Wherein an etching depth of the gate insulation layer in the step S4 is 100 Ř1500 Å.

Wherein a thickness of the gate insulation layer formed in the step S2 is 300 Ř2500 Å

Wherein in the step S5, an ion doping concentration when performing the ion heavy doping to the polysilicon active layer is 1×10¹³-1×10¹⁵ ions/cm².

Wherein in the step S7, the doping ion concentration when performing the ion light doping to the polysilicon active layer is 1×10¹²-1×10¹⁴ ions/cm².

Wherein in the step S5, the ion heavy doping to the polysilicon active layer is an N-type ion heavy doping, and the doped ions are phosphorus; and

in the step S7, the ion light doping to the polysilicon active layer is an N-type ion light doping, and the doped ions are phosphorus.

Wherein in the step S5, the ion heavy doping to the polysilicon active layer is a P-type ion heavy doping, and the doped ions are boron; and

in the step S7, the ion light doping to the polysilicon active layer is a P-type ion light doping, and the doped ions are boron.

Wherein the step S1 further comprises a step of performing a channel doping to the polysilicon active layer after patterning to form the polysilicon active layer.

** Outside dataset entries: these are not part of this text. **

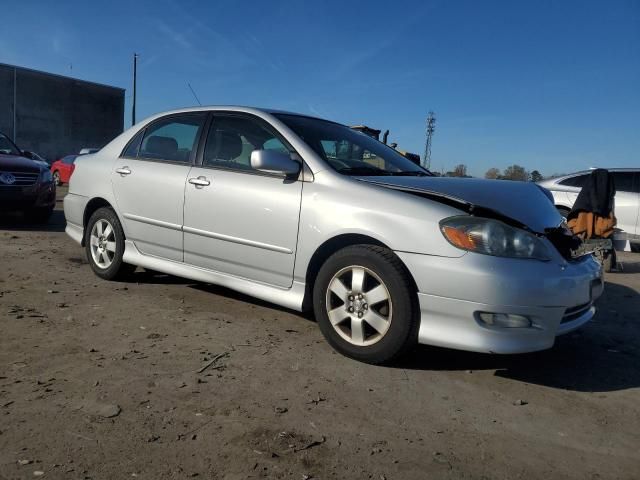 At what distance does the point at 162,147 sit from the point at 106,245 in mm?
1061

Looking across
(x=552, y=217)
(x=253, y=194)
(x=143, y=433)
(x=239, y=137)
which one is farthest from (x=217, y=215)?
(x=552, y=217)

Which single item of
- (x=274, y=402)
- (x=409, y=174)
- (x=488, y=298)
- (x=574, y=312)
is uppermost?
(x=409, y=174)

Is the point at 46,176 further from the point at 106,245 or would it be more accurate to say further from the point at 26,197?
the point at 106,245

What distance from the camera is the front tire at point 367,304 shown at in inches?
120

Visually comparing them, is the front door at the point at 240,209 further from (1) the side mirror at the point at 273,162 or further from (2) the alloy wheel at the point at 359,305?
(2) the alloy wheel at the point at 359,305

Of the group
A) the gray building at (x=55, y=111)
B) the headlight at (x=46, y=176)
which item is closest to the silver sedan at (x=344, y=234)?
the headlight at (x=46, y=176)

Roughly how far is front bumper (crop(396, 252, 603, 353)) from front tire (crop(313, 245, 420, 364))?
0.29 ft

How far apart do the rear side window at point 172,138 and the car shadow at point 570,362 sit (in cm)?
244

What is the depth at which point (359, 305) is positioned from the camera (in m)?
3.20

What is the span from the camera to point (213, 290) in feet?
15.8

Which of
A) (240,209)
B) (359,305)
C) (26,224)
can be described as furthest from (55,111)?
(359,305)

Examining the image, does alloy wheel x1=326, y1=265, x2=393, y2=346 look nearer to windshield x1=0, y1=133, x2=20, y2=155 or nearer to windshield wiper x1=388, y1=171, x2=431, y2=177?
windshield wiper x1=388, y1=171, x2=431, y2=177

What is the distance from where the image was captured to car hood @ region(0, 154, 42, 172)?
7.87 metres

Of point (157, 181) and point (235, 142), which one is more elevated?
point (235, 142)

Wherein in the step S1, a doping ion concentration when performing the channel doping to the polysilicon active layer is 1×10¹¹-1×10¹³ ions/cm².

Wherein the step S1 further comprises a step of forming a light-shielding block correspondingly located below the polysilicon active layer on the substrate.

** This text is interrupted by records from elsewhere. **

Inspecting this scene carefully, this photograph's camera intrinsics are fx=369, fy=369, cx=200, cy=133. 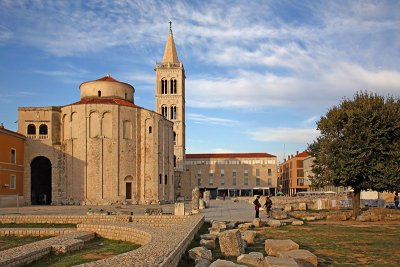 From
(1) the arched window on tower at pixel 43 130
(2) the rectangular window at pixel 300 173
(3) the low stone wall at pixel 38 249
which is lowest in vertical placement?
(2) the rectangular window at pixel 300 173

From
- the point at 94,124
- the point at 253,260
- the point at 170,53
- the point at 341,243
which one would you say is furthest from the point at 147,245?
the point at 170,53

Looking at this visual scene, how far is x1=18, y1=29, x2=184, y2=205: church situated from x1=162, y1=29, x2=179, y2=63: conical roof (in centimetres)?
3096

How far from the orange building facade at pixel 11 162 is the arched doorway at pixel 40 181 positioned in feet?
11.2

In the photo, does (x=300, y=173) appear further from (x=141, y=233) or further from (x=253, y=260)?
(x=253, y=260)

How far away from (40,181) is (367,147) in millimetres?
37941

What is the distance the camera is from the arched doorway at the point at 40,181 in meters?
42.8

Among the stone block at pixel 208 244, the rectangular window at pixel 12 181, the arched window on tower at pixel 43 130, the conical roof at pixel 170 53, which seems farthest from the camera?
the conical roof at pixel 170 53

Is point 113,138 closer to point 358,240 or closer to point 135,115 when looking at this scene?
point 135,115

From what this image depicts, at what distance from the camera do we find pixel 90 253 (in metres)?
12.0

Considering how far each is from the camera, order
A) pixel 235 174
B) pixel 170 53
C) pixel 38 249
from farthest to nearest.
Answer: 1. pixel 235 174
2. pixel 170 53
3. pixel 38 249

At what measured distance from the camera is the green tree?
2023 centimetres

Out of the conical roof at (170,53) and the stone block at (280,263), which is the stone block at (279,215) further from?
the conical roof at (170,53)

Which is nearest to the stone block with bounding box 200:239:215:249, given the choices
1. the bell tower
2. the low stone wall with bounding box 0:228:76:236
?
the low stone wall with bounding box 0:228:76:236

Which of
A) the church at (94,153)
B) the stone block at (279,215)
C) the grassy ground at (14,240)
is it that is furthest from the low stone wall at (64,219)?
the church at (94,153) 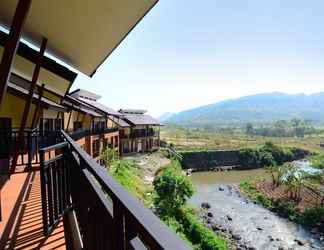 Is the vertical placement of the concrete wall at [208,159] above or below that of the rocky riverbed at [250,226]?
above

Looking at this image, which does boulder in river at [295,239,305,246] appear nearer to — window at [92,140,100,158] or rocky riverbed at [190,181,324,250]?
rocky riverbed at [190,181,324,250]

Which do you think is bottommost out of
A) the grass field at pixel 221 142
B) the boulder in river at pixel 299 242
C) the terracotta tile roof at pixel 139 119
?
the boulder in river at pixel 299 242

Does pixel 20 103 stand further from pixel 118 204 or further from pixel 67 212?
pixel 118 204

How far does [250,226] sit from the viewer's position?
17234mm

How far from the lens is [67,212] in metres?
3.17

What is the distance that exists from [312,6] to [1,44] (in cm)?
1762

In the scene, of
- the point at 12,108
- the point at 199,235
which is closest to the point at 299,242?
the point at 199,235

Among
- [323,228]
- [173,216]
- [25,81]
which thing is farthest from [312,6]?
[25,81]

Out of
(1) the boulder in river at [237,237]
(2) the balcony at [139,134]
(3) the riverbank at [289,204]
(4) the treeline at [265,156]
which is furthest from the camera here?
(4) the treeline at [265,156]

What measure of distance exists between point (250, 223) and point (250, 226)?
0.51 metres

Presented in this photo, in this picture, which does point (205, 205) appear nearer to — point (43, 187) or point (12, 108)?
point (12, 108)

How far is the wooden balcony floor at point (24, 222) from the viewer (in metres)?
2.68

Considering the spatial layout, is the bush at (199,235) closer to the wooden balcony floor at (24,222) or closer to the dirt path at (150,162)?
the dirt path at (150,162)

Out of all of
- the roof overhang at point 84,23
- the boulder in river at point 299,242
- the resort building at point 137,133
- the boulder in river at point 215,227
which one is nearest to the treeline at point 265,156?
the resort building at point 137,133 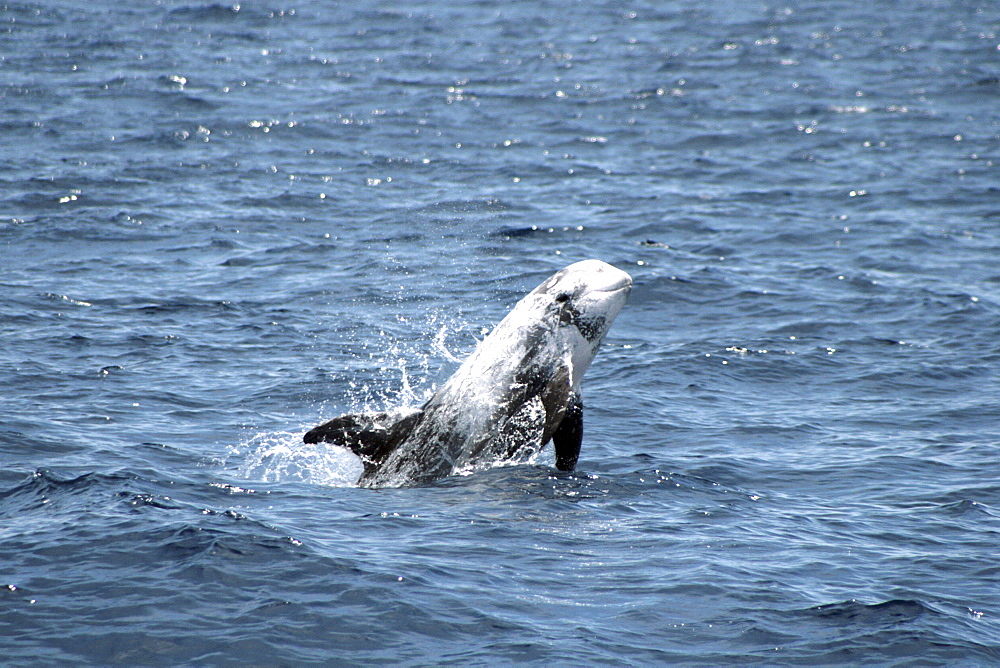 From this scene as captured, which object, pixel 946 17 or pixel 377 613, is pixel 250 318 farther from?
pixel 946 17

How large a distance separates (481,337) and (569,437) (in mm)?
6001

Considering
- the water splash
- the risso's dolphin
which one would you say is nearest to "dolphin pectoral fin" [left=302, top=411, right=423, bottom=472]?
the risso's dolphin

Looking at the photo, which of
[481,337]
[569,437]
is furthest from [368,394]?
[569,437]

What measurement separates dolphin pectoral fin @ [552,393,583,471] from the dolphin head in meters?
0.91

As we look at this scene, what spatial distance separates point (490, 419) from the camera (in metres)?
14.2

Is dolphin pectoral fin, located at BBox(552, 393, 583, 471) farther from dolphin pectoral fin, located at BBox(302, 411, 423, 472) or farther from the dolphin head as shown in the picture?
dolphin pectoral fin, located at BBox(302, 411, 423, 472)

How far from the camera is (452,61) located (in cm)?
4669

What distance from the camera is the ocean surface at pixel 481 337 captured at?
10391 mm

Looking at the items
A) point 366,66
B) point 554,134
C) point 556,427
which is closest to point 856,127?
point 554,134

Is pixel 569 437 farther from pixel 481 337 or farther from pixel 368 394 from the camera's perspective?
pixel 481 337

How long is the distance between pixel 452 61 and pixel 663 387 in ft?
101

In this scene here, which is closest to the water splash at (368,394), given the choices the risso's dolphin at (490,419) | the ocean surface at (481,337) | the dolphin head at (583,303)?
the ocean surface at (481,337)

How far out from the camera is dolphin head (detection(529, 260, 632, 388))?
15.0 m

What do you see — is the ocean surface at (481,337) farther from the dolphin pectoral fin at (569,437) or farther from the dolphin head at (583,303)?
the dolphin head at (583,303) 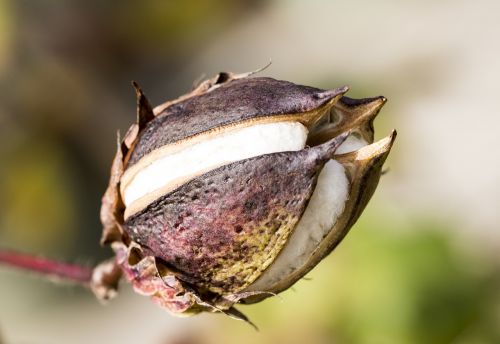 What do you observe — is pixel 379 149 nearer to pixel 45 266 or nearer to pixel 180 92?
pixel 45 266

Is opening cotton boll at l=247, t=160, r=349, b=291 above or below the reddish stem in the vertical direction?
above

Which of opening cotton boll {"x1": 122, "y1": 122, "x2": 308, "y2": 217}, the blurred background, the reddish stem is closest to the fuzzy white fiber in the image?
opening cotton boll {"x1": 122, "y1": 122, "x2": 308, "y2": 217}

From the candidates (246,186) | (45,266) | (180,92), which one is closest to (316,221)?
(246,186)

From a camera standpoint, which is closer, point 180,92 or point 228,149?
point 228,149

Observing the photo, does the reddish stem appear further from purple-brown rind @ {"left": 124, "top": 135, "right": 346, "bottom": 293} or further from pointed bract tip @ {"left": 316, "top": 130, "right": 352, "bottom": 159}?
pointed bract tip @ {"left": 316, "top": 130, "right": 352, "bottom": 159}

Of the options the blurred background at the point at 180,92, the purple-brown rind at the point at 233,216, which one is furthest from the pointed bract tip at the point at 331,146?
the blurred background at the point at 180,92

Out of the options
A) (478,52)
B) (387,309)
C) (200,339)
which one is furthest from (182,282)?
(478,52)

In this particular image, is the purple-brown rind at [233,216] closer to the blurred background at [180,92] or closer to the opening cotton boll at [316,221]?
the opening cotton boll at [316,221]

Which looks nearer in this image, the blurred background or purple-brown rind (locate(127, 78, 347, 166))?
purple-brown rind (locate(127, 78, 347, 166))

Advantageous effects of the present invention: the manufacturing method for LTPS TFT substrate of the present invention, through performing two etchings on the gate metal layer, ion heavy doping and ion light doping of the polysilicon active layer are performed in a self-aligned manner such that the LDD structure of the polysilicon active layer is symmetrically distributed on two sides of the gate electrode, which is beneficial to improve device characteristics, is more stable and reliable than the conventional technology, and can reduce the number of process masks, save mask cost, operation cost, material cost and the time cost. The thinning process of the gate insulation layer (GI Loss) can reduce the thickness of the gate insulation layer corresponding to the heavily doped region of the polysilicon active layer, so that the ion implantation efficiency can be effectively improved.

BRIEF DESCRIPTION OF THE DRAWINGS

In order to further understand the features and technical contents of the present invention, please refer to the following detailed description and drawings regarding the present invention. The drawings are provided for purposes of illustration and description only and are not intended to be limiting.

In the drawings,

FIG. 1 is a schematic diagram of a step S10 of manufacturing LTPS TFT substrate in the prior art.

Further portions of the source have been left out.